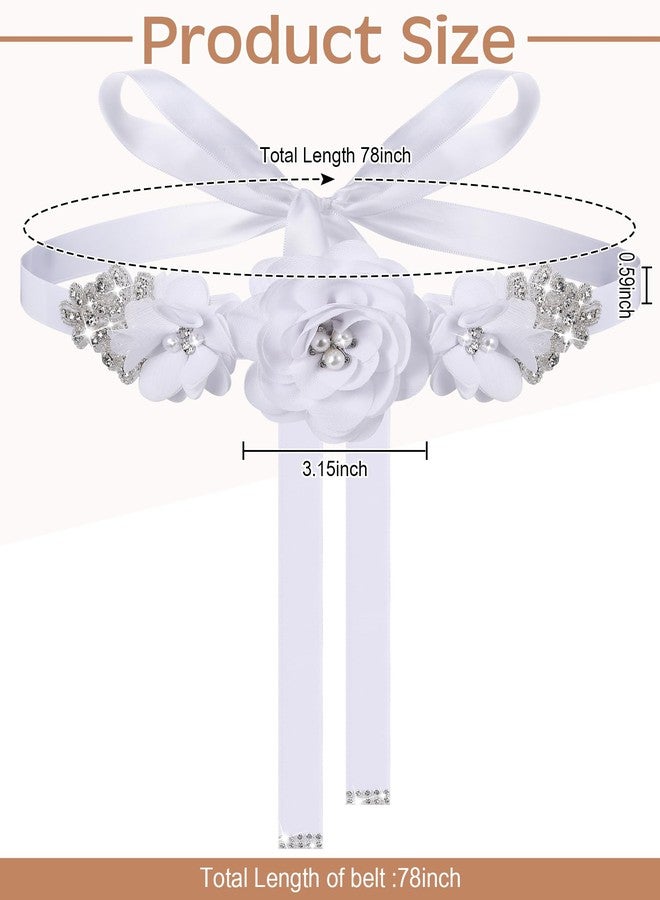 Glitopper Wedding Bridal Belt Sash with Flower Rhinestone Pearl for Bride Bridesmaid Maternity Flower Dress(White) - Image 2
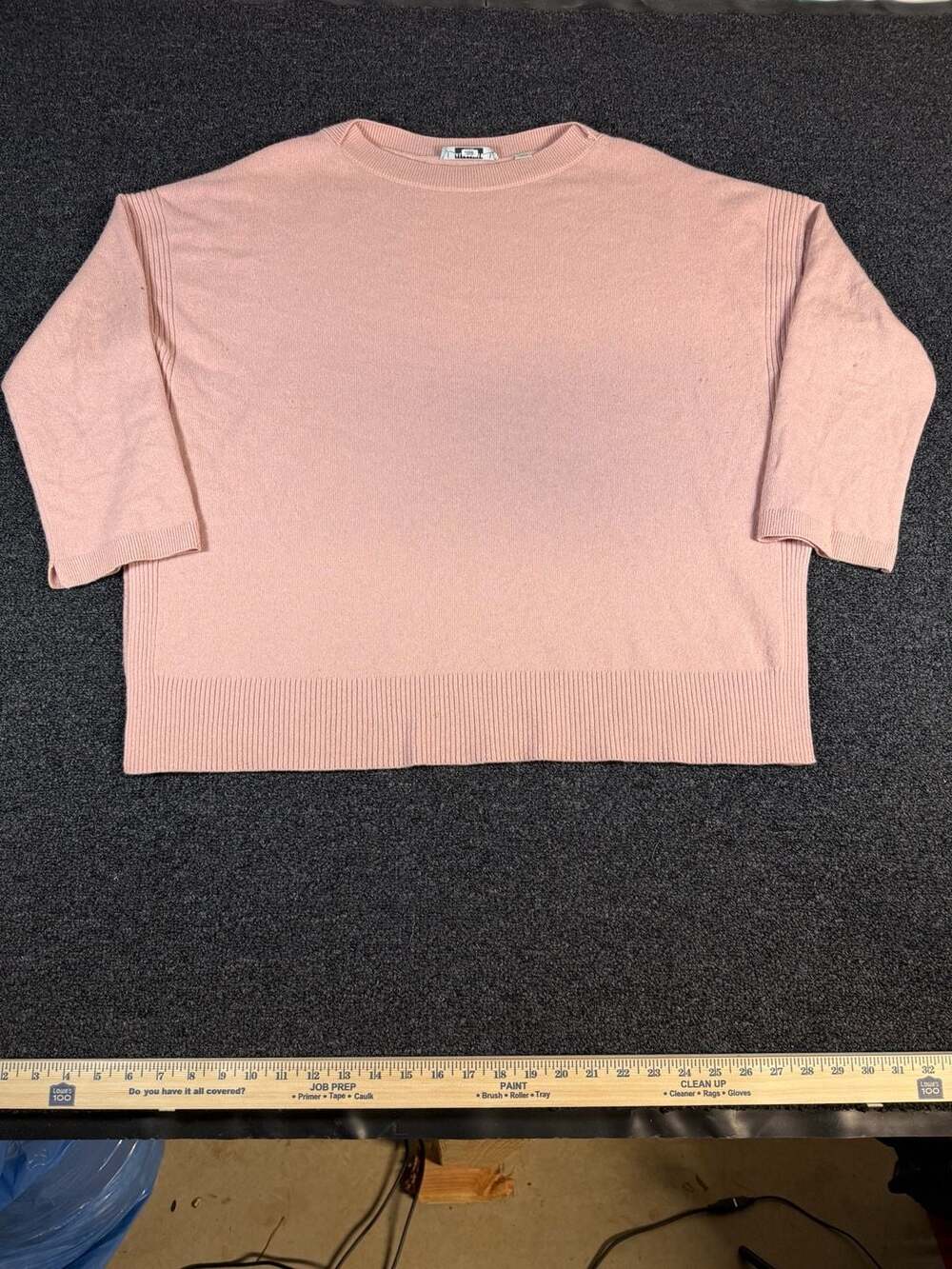 AllSaints Pink Oversized Knit Cashmere Blend Crewneck Sweater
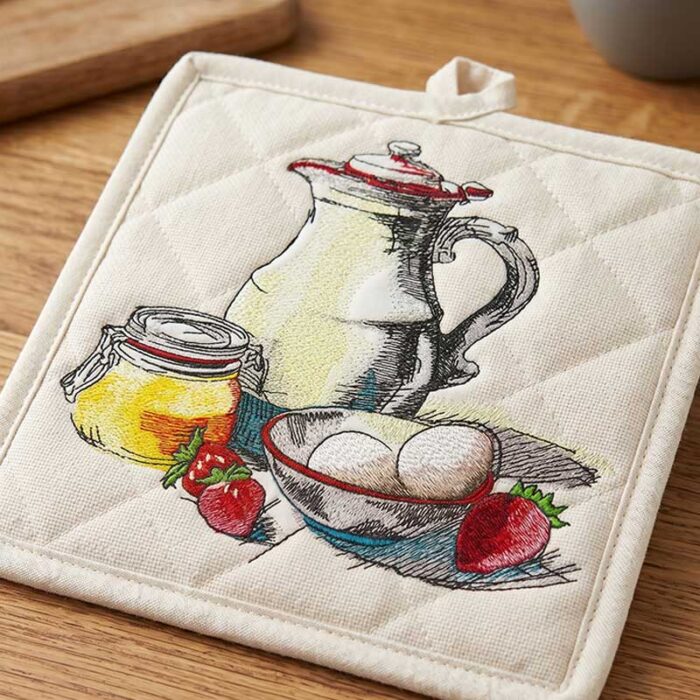ELSK_JamEggs_HotPad | Embroidery Legacy jam and eggs hot pad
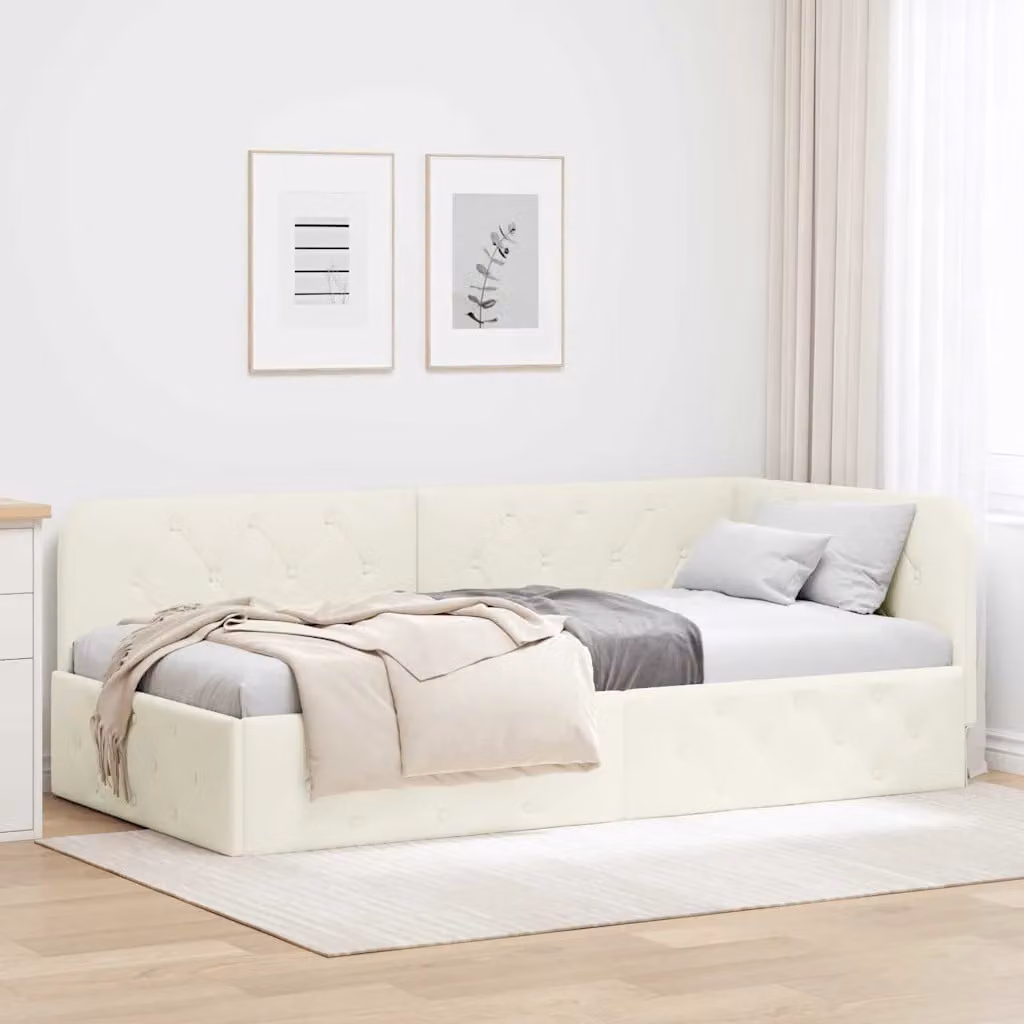 Cornice del letto ad angolo vidaXL in velluto beige L/P/H: 190 x 90 x 72 cm
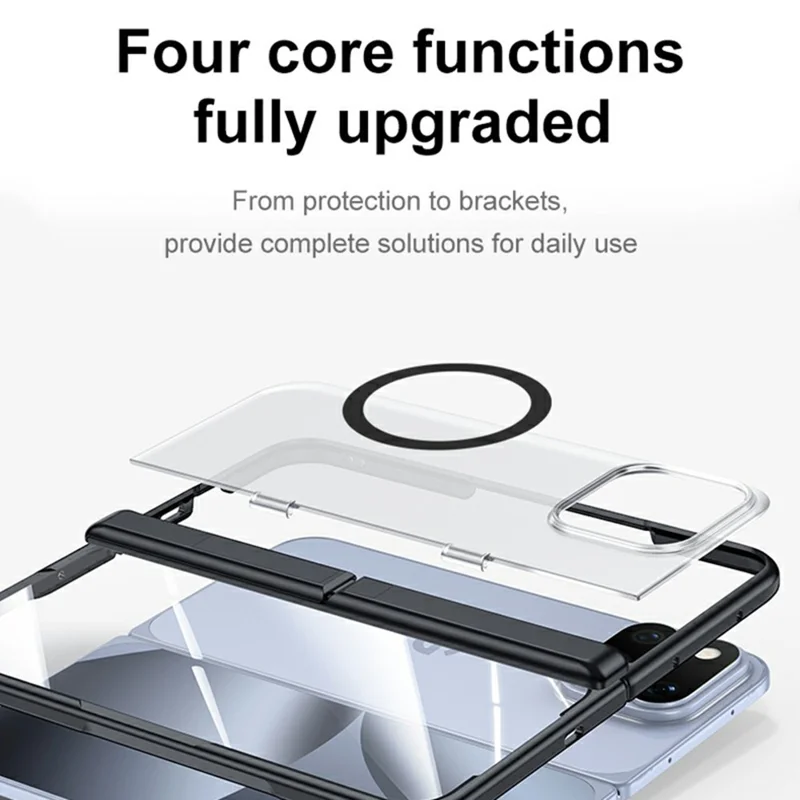 For Google Pixel 11 Pro Fold Magnetic Case Hinge Kickstand Anti-drop PC Phone Cover Built-in HD Tempered Glass Screen Protector - Black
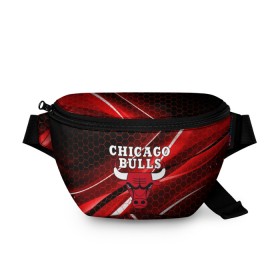 Поясная сумка 3D с принтом CHICAGO BULLS в Новосибирске, 100% полиэстер | плотная ткань, ремень с регулируемой длиной, внутри несколько карманов для мелочей, основное отделение и карман с обратной стороны сумки застегиваются на молнию | bulls | chicago | chicago bulls | nba | red bulls | usa | америка | быки | нба | сша | чикаго буллс
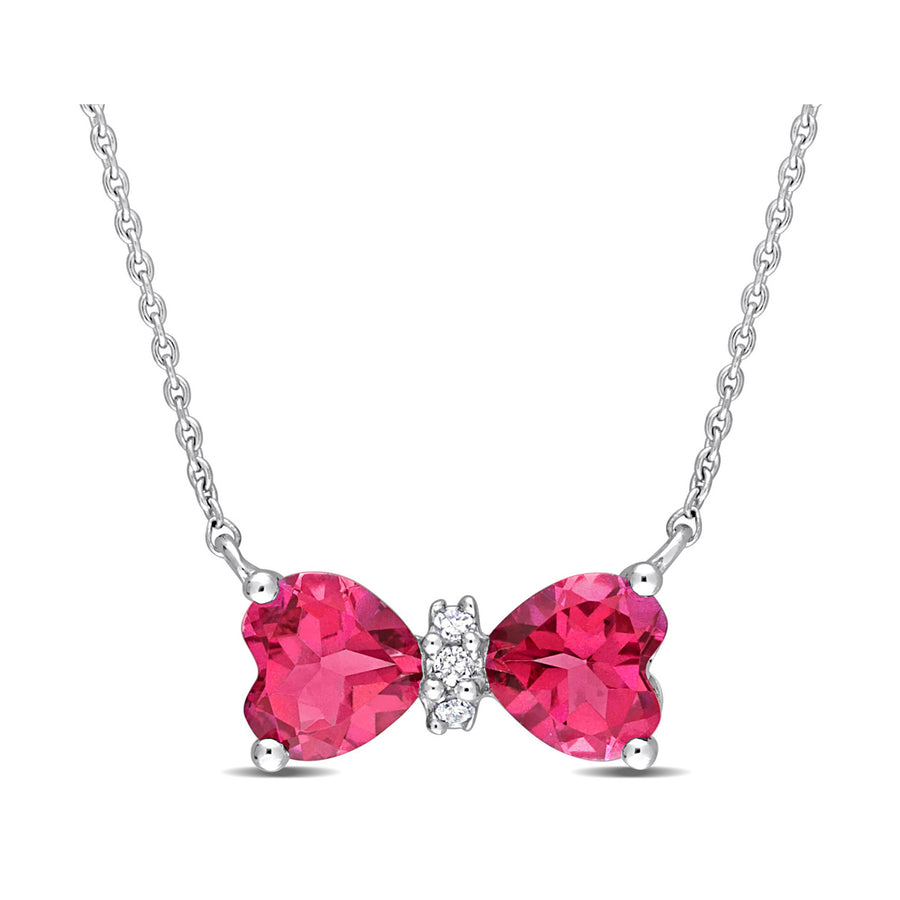 1.00 Carat (ctw) Pink Topaz Heart Bow Pendant Necklace in 10K White Gold with Chain Image 1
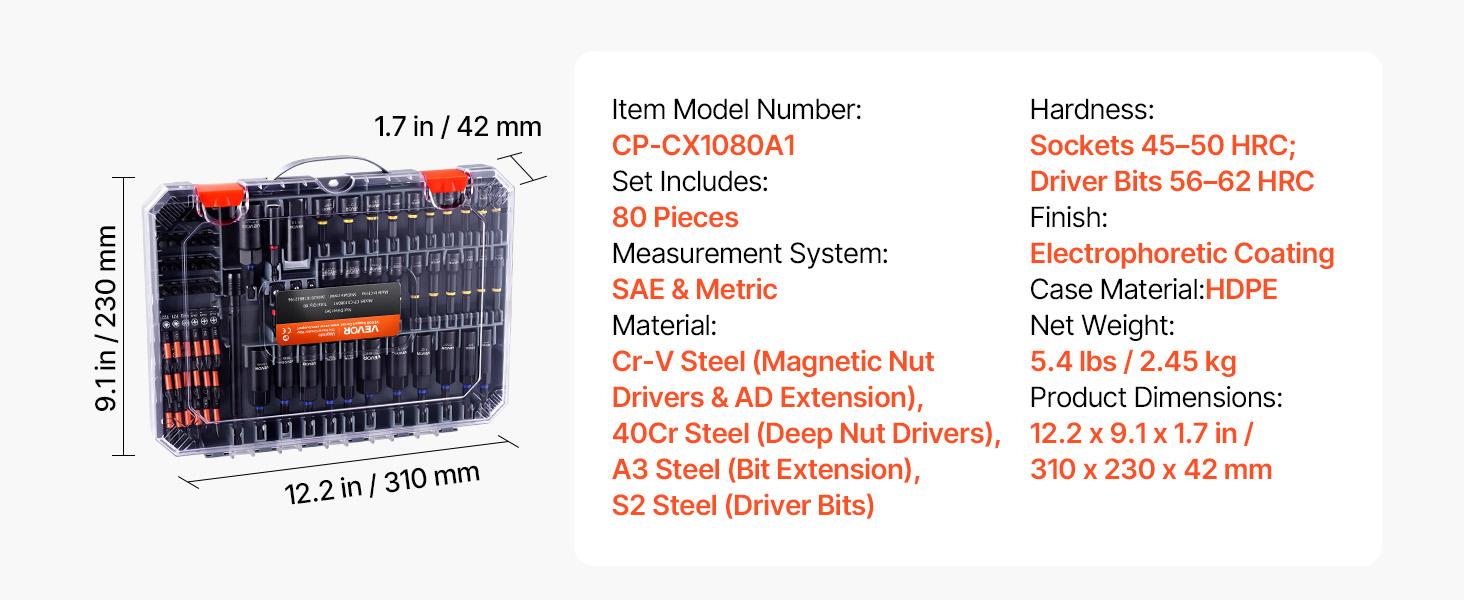 【summerfinds】VEVOR 80-Piece Premium Magnetic Impact Nut Driver Set, Metric & SAE Sizes, with Socket Adapters, Bit Holder, Wing Nut Driver, Universal Sockets, Quick Release Extension, Power Bits, Storage Box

==============================

▸ **EXERCISE BRIEF**
Pictures stay out of the copy. Reproduce exactly the lines from the one containing "ELSK_JamEggs_HotPad | Embroidery" through the last line of the records above, both included.

▸ **SOLUTION TO THIS PROBLEM**
ELSK_JamEggs_HotPad | Embroidery Legacy jam and eggs hot pad
 Cornice del letto ad angolo vidaXL in velluto beige L/P/H: 190 x 90 x 72 cm
 For Google Pixel 11 Pro Fold Magnetic Case Hinge Kickstand Anti-drop PC Phone Cover Built-in HD Tempered Glass Screen Protector - Black
 Поясная сумка 3D с принтом CHICAGO BULLS в Новосибирске, 100% полиэстер | плотная ткань, ремень с регулируемой длиной, внутри несколько карманов для мелочей, основное отделение и карман с обратной стороны сумки застегиваются на молнию | bulls | chicago | chicago bulls | nba | red bulls | usa | америка | быки | нба | сша | чикаго буллс
 1.00 Carat (ctw) Pink Topaz Heart Bow Pendant Necklace in 10K White Gold with Chain Image 1
 【summerfinds】VEVOR 80-Piece Premium Magnetic Impact Nut Driver Set, Metric & SAE Sizes, with Socket Adapters, Bit Holder, Wing Nut Driver, Universal Sockets, Quick Release Extension, Power Bits, Storage Box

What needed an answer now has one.